- Source data

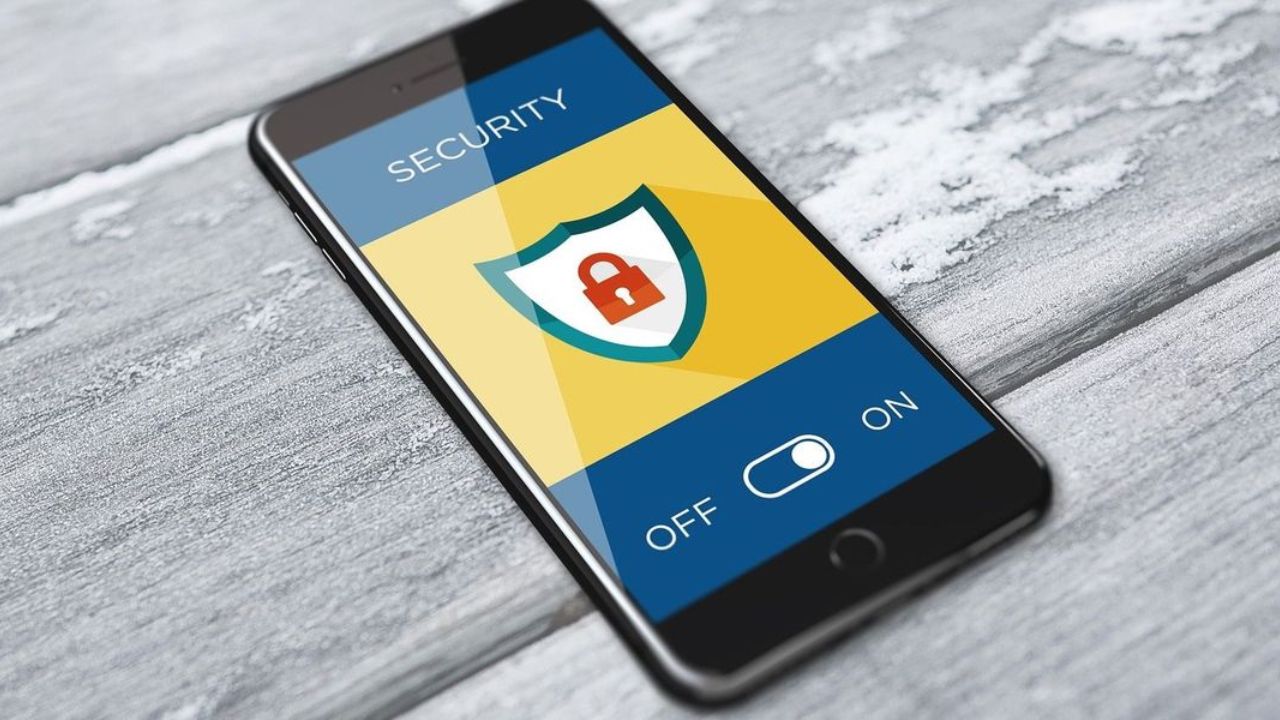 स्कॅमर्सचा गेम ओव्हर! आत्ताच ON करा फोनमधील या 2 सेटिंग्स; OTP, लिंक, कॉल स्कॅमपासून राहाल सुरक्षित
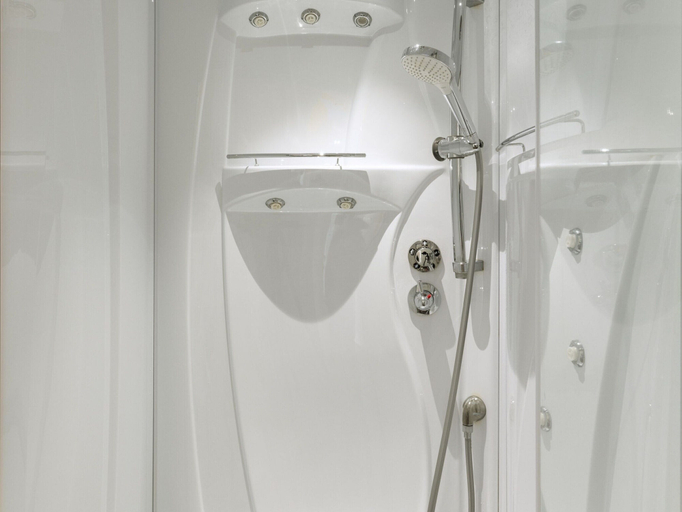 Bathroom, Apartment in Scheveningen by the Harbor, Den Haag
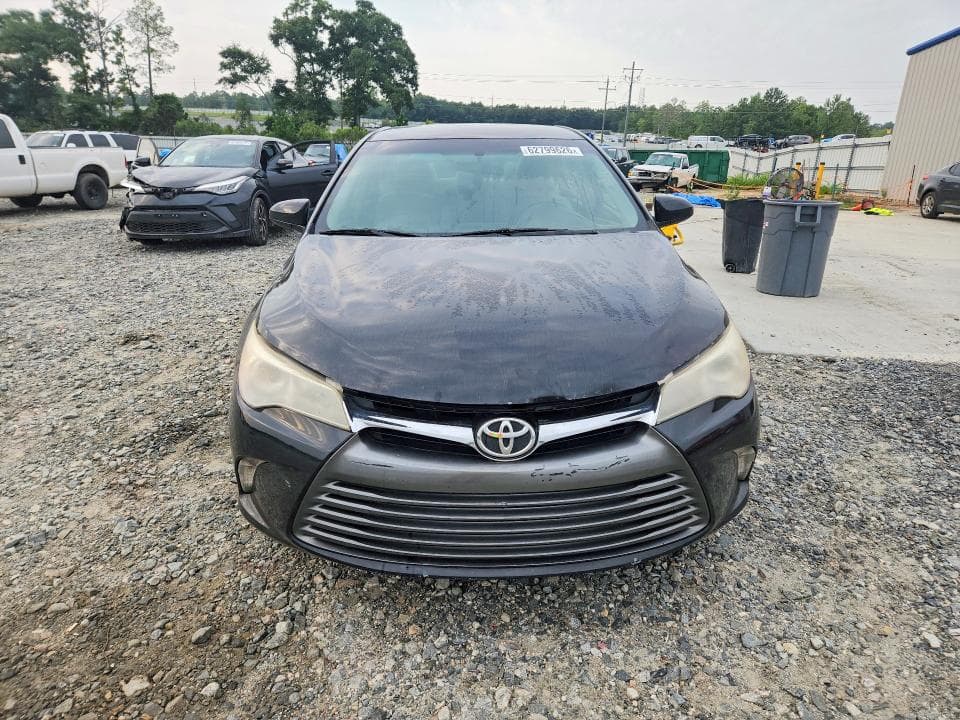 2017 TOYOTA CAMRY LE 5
...
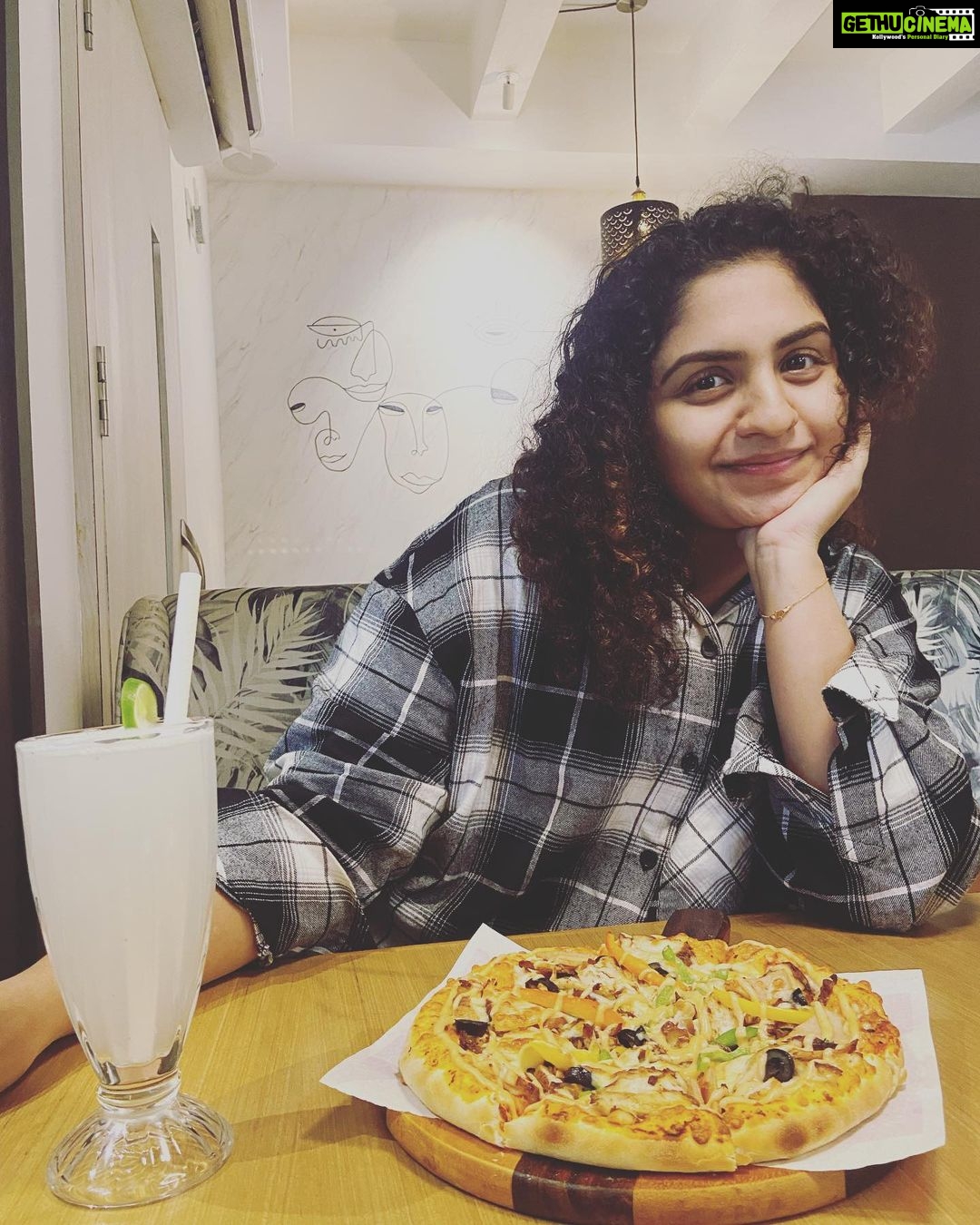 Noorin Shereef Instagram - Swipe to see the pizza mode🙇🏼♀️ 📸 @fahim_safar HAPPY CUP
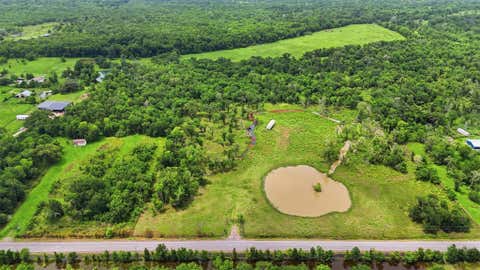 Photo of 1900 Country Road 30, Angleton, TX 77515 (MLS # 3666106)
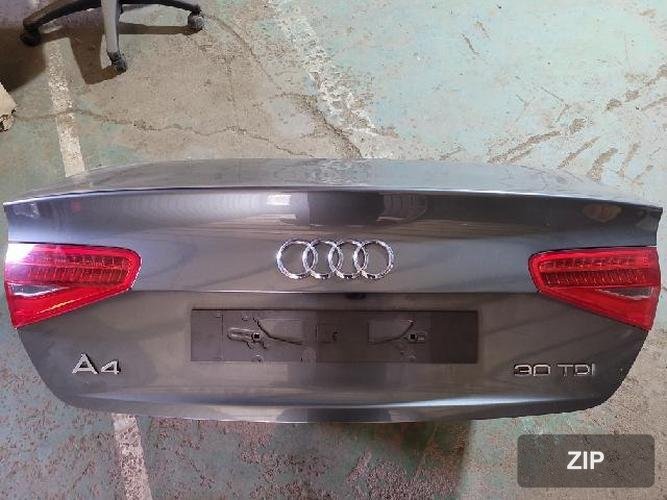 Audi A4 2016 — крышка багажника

- What to do
Starting with the line that has "स्कॅमर्सचा गेम ओव्हर!" and going on through the line that has "2017 TOYOTA CAMRY LE 5", transcribe the records above exactly, but skip the pictures.

- Task result
 स्कॅमर्सचा गेम ओव्हर! आत्ताच ON करा फोनमधील या 2 सेटिंग्स; OTP, लिंक, कॉल स्कॅमपासून राहाल सुरक्षित
 Bathroom, Apartment in Scheveningen by the Harbor, Den Haag
 2017 TOYOTA CAMRY LE 5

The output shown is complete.